Friday, October 15, 2010

Remembering . . . Please Share

All this week we have been remembering the precious little one we lost one year ago. Last year I wrote a series of posts sharing my heart and encouraging others to do the same as we remembered our babies that are now with Jesus.



It is sort of 'funny' this morning I felt a tug on my heart to post something about this because as I was looking over my posts from last year I saw that October 15th has been set aside as a day to remember our babies.


Yesterday, as I was out for a walk and talking to my Father, I cried tears of sadness over the babies I will not see on this side of heaven, praised Him for His perfect plans and pondered if I will ever carry another baby in my womb. Will I ever nurse another baby? Will I ever smell that intoxicating newborn smell? Will I ever kiss the whole face of a teeny one? Will I ever feel a precious little one nuzzled right up to my neck?

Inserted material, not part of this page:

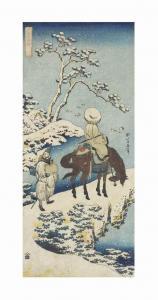 HOKUSAI Katsushika 1760-1849,A TRAVELLER IN THE SNOW,1833,Christie's GB 2016-12-08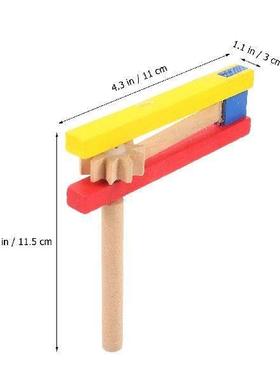 4 Pcs Ratchets Wooden Castanet with Long Handle Grasp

I don't know the answer to these questions, but I know the One to Whom I ask? I know I can trust His beautiful plan for my life. I can trust Him to distribute His blessings as He sees fit. I know that He knows the desires of my heart and holds them so close to His heart. I know when I grieve He is there holding me, comforting me. I know He delights to bless me, knowing His plan and what is ultimately the best for me. I know Him who works EVERYTHING out for my good because I love Him and have been called according to His purpose. I know Whom I have believed.

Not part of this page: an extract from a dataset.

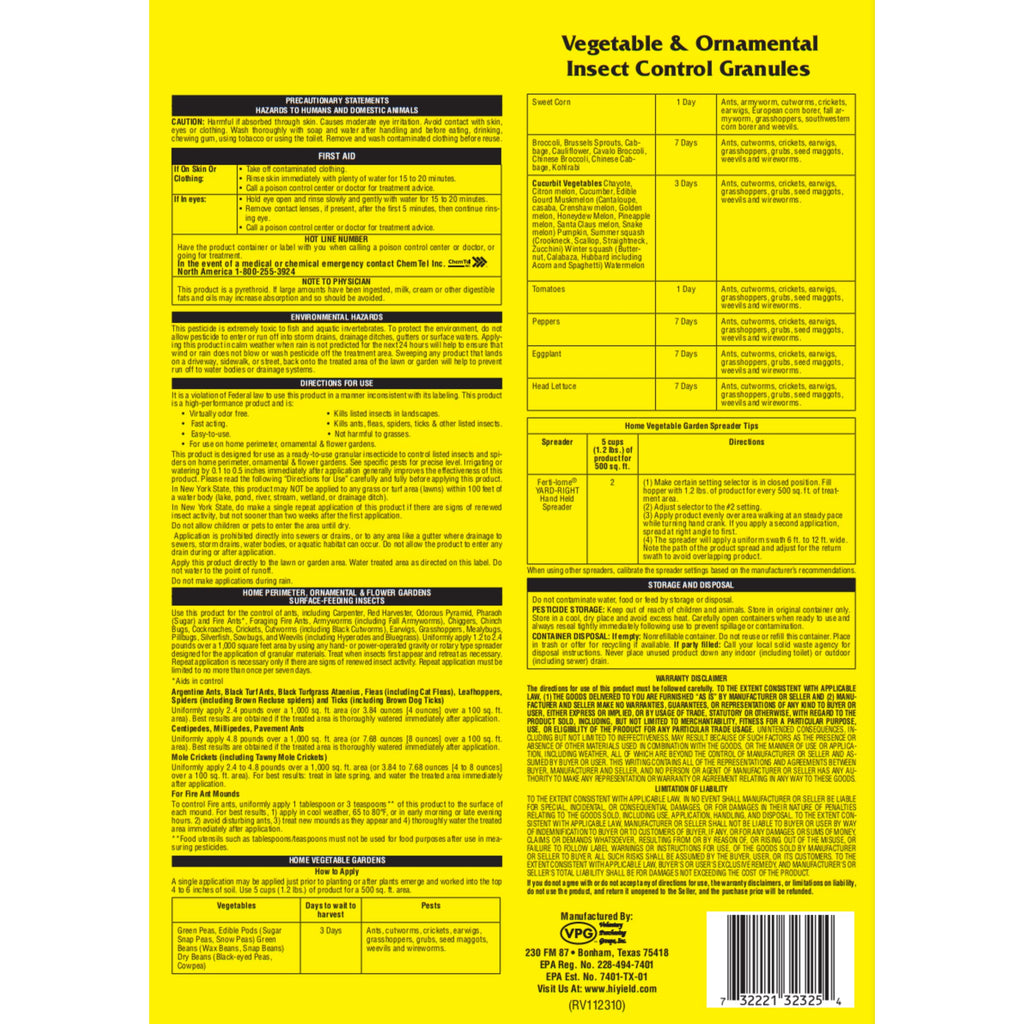 Vegetable & Ornamental Insect Control Granules 4 lbs H96107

This is not a sad post, really, I stand amazed at His mercy and goodness. His faithfulness. His love. While I will never forget each of my precious six babies, there is no pain, just peace and a knowing He holds them and me in His very hands. Amazing it is, when He comes and heals. He came to heal and bind up the broken hearted, you know?


Please feel free to share your "story" by either leaving a comment or providing a link to read on your blog. And PLEASE, if you are still reeling with grief and pain over the loss of your precious little one (s), please let me pray with you. Leave me a comment, email me, or if you would like to me to pray with you on the phone, I would be honored. Please ask, let me do that for you.

6 comments:

  1. I walked with a friend through a miscarriage last week and it gave me an opportunity to talk about the little ones that I hold in my heart but never held in my arms. We have 8 little ones that we never met here but look forward to meeting one day.

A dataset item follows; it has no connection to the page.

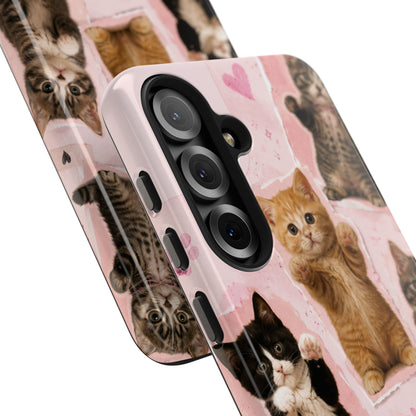 Cute Kittens Tough Phone Case — Pink Paw Print Protective Phone Cover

    Won't that be an amazing time?! Meeting my Savior who I love so very much face to face and then seeing the faces of my children!

    Those little lives were not in vain for they taught me so much...to trust the Lord with my desires and to walk with an open hand before Him saying not my will but thine! Those sweet babies are a continual reminder that children are a blessing..whether they are here with me or in the arms of my Heavenly Father.

    God is good and as you said I don't look with pain but with peace knowing God's ways are not mine but I can rest in that.

    Thank you for the opportunity to remember.

    Many Blessings!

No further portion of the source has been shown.